WORK TASK: With the line that contains "Vauxhall, ASTRA, Hatchback, 2013, Manual, 1956" as the first line, output exactly every line through the end of the material.

PROVIDED RECORDS:
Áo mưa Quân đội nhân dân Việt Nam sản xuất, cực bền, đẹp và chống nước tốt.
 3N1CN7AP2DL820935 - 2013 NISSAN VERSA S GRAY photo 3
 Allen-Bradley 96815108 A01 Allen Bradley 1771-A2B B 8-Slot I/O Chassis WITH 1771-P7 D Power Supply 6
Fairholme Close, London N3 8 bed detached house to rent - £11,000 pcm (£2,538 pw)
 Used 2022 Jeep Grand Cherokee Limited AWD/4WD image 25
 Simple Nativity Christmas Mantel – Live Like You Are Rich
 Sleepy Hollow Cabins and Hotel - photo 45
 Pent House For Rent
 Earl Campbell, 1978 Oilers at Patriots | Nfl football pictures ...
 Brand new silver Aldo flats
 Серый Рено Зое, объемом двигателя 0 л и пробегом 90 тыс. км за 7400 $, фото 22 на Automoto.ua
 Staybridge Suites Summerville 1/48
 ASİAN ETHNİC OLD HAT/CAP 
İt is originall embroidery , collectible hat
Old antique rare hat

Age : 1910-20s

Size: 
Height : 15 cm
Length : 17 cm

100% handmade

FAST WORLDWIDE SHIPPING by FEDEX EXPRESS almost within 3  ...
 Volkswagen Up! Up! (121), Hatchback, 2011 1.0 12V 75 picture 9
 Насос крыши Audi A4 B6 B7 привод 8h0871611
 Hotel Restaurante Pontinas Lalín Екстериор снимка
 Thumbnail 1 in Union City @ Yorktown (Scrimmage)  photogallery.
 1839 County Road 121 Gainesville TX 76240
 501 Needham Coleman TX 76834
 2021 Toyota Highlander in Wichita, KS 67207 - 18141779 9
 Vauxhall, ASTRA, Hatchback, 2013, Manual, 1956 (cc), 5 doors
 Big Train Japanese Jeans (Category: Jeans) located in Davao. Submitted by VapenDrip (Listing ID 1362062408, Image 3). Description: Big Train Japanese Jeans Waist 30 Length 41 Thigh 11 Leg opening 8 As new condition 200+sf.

WRITTEN RESPONSE:
 Vauxhall, ASTRA, Hatchback, 2013, Manual, 1956 (cc), 5 doors
 Big Train Japanese Jeans (Category: Jeans) located in Davao. Submitted by VapenDrip (Listing ID 1362062408, Image 3). Description: Big Train Japanese Jeans Waist 30 Length 41 Thigh 11 Leg opening 8 As new condition 200+sf.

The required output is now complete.